▸ **Task requirements**
Keep to one stretch of the data below, the lines from the one with "320 Amhurst Ave, High Point, NC 27260" up to and including the one with "Audi TT Gebrauchtwagen", and return that stretch exactly.
*** Opening of Material supplied ***
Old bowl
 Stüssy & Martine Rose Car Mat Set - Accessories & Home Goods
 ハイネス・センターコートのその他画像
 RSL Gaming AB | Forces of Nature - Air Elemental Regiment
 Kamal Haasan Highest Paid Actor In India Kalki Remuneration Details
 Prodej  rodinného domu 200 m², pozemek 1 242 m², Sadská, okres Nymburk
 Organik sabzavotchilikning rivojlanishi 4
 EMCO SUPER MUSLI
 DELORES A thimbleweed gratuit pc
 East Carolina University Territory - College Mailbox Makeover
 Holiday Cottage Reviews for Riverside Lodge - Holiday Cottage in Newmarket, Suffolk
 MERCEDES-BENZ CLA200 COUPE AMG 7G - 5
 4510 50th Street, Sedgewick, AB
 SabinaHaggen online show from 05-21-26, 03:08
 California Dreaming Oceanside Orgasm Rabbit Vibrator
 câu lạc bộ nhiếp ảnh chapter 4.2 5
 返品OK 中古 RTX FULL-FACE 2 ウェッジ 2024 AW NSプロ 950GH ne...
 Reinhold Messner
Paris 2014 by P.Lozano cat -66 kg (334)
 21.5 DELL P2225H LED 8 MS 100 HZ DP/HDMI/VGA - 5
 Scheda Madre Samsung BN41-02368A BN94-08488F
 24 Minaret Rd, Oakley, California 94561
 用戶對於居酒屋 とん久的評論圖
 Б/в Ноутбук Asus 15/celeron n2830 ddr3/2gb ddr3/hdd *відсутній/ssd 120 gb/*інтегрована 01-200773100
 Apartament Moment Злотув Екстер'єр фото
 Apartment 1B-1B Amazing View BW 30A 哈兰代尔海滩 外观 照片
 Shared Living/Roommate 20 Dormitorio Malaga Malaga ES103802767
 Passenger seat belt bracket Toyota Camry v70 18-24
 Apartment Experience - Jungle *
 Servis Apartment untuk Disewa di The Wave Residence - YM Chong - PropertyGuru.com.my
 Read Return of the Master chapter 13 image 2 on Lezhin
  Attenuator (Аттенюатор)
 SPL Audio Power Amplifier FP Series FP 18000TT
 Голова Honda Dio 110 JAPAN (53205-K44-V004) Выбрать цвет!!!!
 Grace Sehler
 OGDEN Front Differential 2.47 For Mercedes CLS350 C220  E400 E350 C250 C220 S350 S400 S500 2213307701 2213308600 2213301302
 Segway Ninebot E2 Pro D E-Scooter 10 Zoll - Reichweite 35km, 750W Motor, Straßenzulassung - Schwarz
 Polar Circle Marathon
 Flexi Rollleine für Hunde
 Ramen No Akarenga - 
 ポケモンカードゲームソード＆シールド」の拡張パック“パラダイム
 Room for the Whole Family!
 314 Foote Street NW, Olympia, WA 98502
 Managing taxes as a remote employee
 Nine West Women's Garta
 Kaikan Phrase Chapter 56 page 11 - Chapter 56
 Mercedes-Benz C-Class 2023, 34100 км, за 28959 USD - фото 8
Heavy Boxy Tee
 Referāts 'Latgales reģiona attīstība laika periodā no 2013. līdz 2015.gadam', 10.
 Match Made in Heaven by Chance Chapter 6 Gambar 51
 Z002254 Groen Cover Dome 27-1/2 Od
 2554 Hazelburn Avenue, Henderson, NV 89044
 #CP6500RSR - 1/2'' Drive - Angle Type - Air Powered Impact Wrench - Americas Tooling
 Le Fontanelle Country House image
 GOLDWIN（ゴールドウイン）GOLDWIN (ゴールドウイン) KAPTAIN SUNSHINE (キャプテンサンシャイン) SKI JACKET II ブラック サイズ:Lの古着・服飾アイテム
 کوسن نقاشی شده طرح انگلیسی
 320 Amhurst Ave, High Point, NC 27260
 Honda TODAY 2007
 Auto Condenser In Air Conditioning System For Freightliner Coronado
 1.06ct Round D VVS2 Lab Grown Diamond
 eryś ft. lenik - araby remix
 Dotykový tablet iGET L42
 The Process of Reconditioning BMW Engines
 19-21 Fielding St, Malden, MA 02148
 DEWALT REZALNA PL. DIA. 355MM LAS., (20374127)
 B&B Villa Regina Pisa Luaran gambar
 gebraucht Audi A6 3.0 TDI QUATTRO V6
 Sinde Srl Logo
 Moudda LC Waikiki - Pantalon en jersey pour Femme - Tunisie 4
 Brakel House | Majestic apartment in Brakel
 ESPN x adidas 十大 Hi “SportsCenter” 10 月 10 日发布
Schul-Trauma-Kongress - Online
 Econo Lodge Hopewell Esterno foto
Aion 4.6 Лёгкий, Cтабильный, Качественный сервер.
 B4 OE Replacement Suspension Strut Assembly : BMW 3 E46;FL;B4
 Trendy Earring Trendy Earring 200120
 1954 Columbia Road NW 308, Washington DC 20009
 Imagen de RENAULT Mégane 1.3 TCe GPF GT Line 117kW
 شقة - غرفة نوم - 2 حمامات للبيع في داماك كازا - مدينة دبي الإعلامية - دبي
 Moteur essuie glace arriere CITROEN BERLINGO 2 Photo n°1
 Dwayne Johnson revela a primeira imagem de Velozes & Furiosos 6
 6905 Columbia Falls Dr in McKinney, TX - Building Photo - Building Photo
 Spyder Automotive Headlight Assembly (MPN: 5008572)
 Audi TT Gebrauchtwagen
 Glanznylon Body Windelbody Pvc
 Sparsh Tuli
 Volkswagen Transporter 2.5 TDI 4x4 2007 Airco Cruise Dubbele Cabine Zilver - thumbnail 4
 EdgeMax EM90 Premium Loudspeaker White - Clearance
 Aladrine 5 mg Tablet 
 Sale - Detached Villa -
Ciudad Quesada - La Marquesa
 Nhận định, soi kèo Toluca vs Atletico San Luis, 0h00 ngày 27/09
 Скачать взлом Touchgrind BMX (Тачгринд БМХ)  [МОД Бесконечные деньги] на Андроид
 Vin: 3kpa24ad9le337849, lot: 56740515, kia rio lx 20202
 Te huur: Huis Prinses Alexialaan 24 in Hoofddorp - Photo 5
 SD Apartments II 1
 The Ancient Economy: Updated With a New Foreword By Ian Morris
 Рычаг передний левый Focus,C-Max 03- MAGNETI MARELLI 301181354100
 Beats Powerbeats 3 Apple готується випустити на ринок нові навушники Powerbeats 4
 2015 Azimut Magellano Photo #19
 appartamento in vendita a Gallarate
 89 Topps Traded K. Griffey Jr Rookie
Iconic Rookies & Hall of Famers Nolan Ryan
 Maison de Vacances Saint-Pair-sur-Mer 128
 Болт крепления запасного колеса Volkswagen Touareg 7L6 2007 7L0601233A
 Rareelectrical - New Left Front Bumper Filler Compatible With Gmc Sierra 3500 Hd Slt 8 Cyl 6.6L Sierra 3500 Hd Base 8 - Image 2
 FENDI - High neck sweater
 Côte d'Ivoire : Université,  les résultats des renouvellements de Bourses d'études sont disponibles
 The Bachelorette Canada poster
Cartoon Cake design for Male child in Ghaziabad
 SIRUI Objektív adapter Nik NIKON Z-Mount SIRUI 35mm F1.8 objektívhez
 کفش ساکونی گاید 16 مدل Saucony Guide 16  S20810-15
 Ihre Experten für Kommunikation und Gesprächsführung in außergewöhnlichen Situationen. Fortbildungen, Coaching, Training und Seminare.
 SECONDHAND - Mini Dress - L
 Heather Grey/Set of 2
*** Close of Material supplied ***
▸ **Response box**
 320 Amhurst Ave, High Point, NC 27260
 Honda TODAY 2007
 Auto Condenser In Air Conditioning System For Freightliner Coronado
 1.06ct Round D VVS2 Lab Grown Diamond
 eryś ft. lenik - araby remix
 Dotykový tablet iGET L42
 The Process of Reconditioning BMW Engines
 19-21 Fielding St, Malden, MA 02148
 DEWALT REZALNA PL. DIA. 355MM LAS., (20374127)
 B&B Villa Regina Pisa Luaran gambar
 gebraucht Audi A6 3.0 TDI QUATTRO V6
 Sinde Srl Logo
 Moudda LC Waikiki - Pantalon en jersey pour Femme - Tunisie 4
 Brakel House | Majestic apartment in Brakel
 ESPN x adidas 十大 Hi “SportsCenter” 10 月 10 日发布
Schul-Trauma-Kongress - Online
 Econo Lodge Hopewell Esterno foto
Aion 4.6 Лёгкий, Cтабильный, Качественный сервер.
 B4 OE Replacement Suspension Strut Assembly : BMW 3 E46;FL;B4
 Trendy Earring Trendy Earring 200120
 1954 Columbia Road NW 308, Washington DC 20009
 Imagen de RENAULT Mégane 1.3 TCe GPF GT Line 117kW
 شقة - غرفة نوم - 2 حمامات للبيع في داماك كازا - مدينة دبي الإعلامية - دبي
 Moteur essuie glace arriere CITROEN BERLINGO 2 Photo n°1
 Dwayne Johnson revela a primeira imagem de Velozes & Furiosos 6
 6905 Columbia Falls Dr in McKinney, TX - Building Photo - Building Photo
 Spyder Automotive Headlight Assembly (MPN: 5008572)
 Audi TT Gebrauchtwagen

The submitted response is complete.